Welcome to Hull on Estate and Succession Planning, a series of podcasts hosted by Ian Hull and Suzana Popovic-Montag, that will provide information and insights into estate planning in Canada. From the offices of Hull Estate Mediation in Toronto, Ontario, Canada, here are Ian and Suzana.
Suzana Popovic-Montag: Hi there, Ian, how are you today?
Ian Hull: I’m great, Suzana.
Suzana Popovic-Montag: That’s good. Before we get into the formal part of our podcast, let’s just remind our listeners of our call-in line which is 206-457-1985.
Ian Hull: And of course, e-mail us at email@example.com, and if you want to get some access to the show notes and other things, go to estatelaw.hullandhull.com. We look forward to hearing from people and I know we got an e-mail last week with a question about the investment accounts that I thought was sort of helpful and we’re going to try to work through that today in our podcast.

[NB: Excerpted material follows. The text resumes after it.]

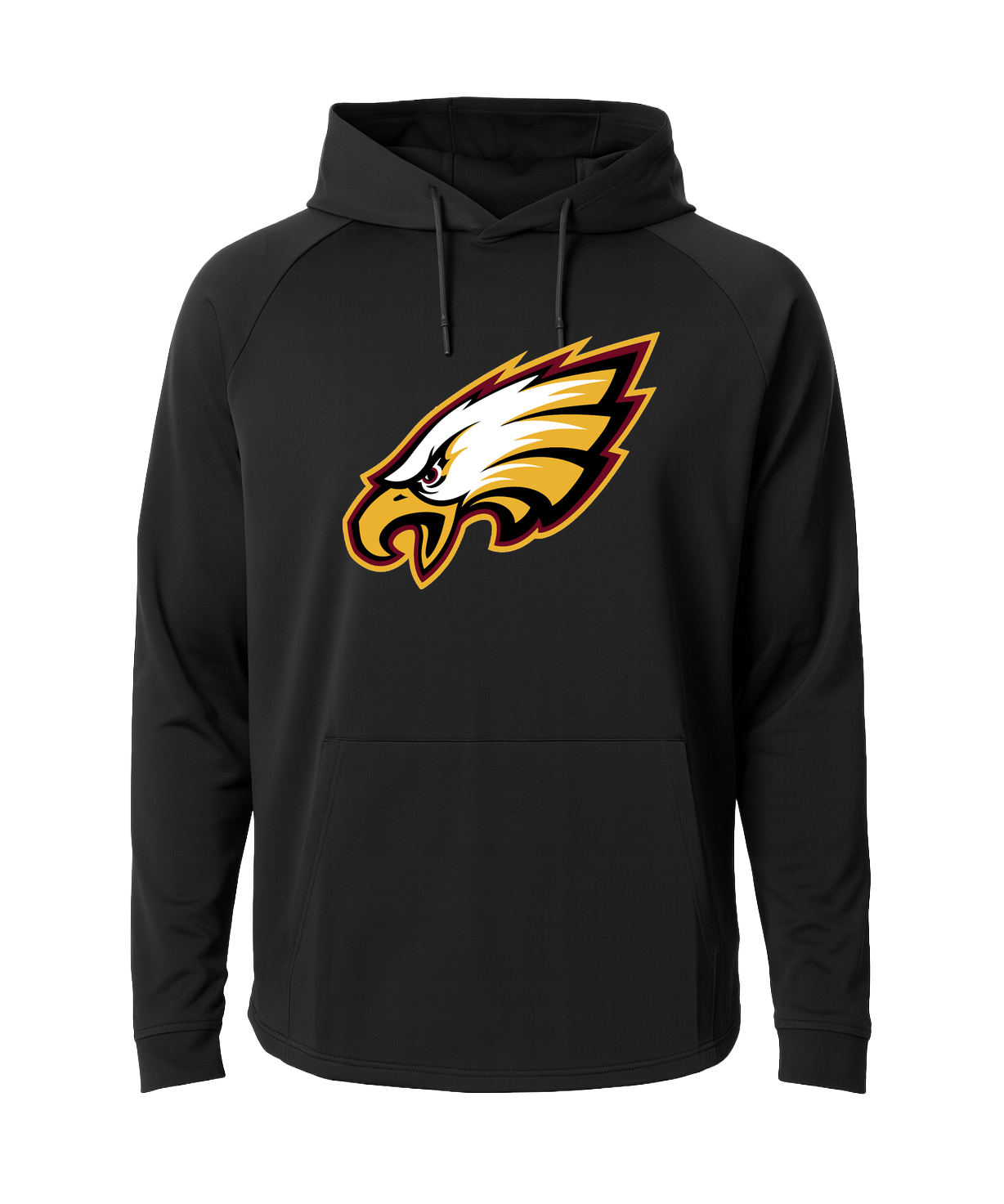 Dover-Eyota Football - Black Hoodie - Full Front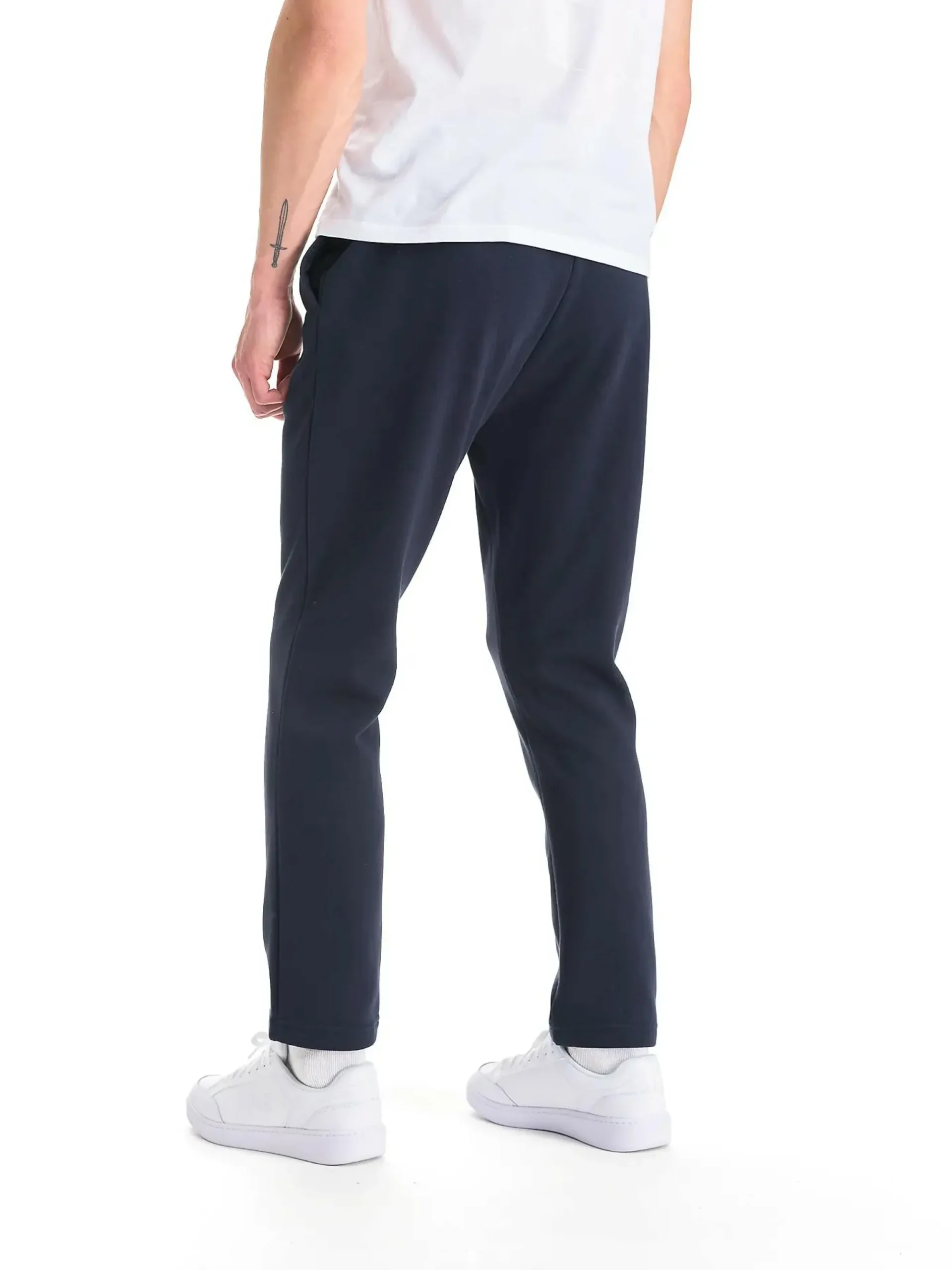 TAKEOFF basic straight sweatpant m- Basisplagg|Bukser·Joggebukser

Alright, so historically, we have been looking at some of the sort of fundamental accounting issues and the thing that we want to talk about today in this volatile market as oil tends to be riding a wave of speculation in the investment community. It’s a good time to think about how we present our investment accounts, and that was the question we got in the e-mail this week, and that was, how do good trustees deal with what is (a) a volatile market and (b) investments that are seen to be potentially speculative such oil stocks. And as we said in previous podcasts, the key here really is to conduct yourself as a prudent investor. And proof is in the pudding when you put together your investment account because that’s when you have to actually set out in specific detail what you did and what you bought and sold. So I think for that question and that listener, I would remind them to, and obviously the easiest way to track this is just go into our key word search on our podcast page and you can find out investments and discussions we’ve had in the past. But the easiest way to deal with this, I find, is go to Section 27 of the Trustee Act and read it, because it is in plain English. It sets out the steps that are required and the short answer is, maybe stocks in the oil business are a good thing, maybe they’re not. But if you followed the code of conduct, you’re going to be a lot safer in terms of your behaviour.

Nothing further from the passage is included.